In [1]:
# Import all required libraries
from datasets import load_dataset
from transformers import AutoTokenizer, AutoModelForSeq2SeqLM
from torch.utils.data import DataLoader
import torch

In [2]:
# Load a small subset of the CNN/DailyMail dataset for testing
dataset = load_dataset("cnn_dailymail", "3.0.0", split="train[:1%]")

# Display one example
print(dataset[0])


{'article': 'LONDON, England (Reuters) -- Harry Potter star Daniel Radcliffe gains access to a reported £20 million ($41.1 million) fortune as he turns 18 on Monday, but he insists the money won\'t cast a spell on him. Daniel Radcliffe as Harry Potter in "Harry Potter and the Order of the Phoenix" To the disappointment of gossip columnists around the world, the young actor says he has no plans to fritter his cash away on fast cars, drink and celebrity parties. "I don\'t plan to be one of those people who, as soon as they turn 18, suddenly buy themselves a massive sports car collection or something similar," he told an Australian interviewer earlier this month. "I don\'t think I\'ll be particularly extravagant. "The things I like buying are things that cost about 10 pounds -- books and CDs and DVDs." At 18, Radcliffe will be able to gamble in a casino, buy a drink in a pub or see the horror film "Hostel: Part II," currently six places below his number one movie on the UK box office char

In [3]:
# Load a pretrained T5 tokenizer (for summarization)
tokenizer = AutoTokenizer.from_pretrained("t5-small")

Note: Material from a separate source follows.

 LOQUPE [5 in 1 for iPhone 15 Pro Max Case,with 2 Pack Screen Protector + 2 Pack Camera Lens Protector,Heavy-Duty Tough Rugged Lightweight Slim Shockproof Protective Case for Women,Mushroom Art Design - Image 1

# Tokenize both article (input) and highlights (target)
def tokenize_fn(examples):
    model_inputs = tokenizer(
        examples["article"], max_length=512, truncation=True
    )
    with tokenizer.as_target_tokenizer():
        labels = tokenizer(
            examples["highlights"], max_length=128, truncation=True
        )
    model_inputs["labels"] = labels["input_ids"]
    return model_inputs

# Apply tokenization to dataset
tokenized_ds = dataset.map(
    tokenize_fn,
    batched=True,
    remove_columns=["article", "highlights", "id"]
)

print(tokenized_ds[0].keys())


Map:   0%|          | 0/2871 [00:00<?, ? examples/s]



dict_keys(['input_ids', 'attention_mask', 'labels'])


In [4]:
# We group tokenized sequences into blocks of fixed size (e.g., 128 tokens)
block_size = 128

def group_texts(examples):
    # Concatenate all sequences within a batch
    concatenated_inputs = sum(examples["input_ids"], [])
    concatenated_masks  = sum(examples["attention_mask"], [])
    concatenated_labels = sum(examples["labels"], [])

    # Cut to a multiple of block_size
    total_len = (len(concatenated_inputs) // block_size) * block_size

    concatenated_inputs = concatenated_inputs[:total_len]
    concatenated_masks  = concatenated_masks[:total_len]
    concatenated_labels = concatenated_labels[:total_len]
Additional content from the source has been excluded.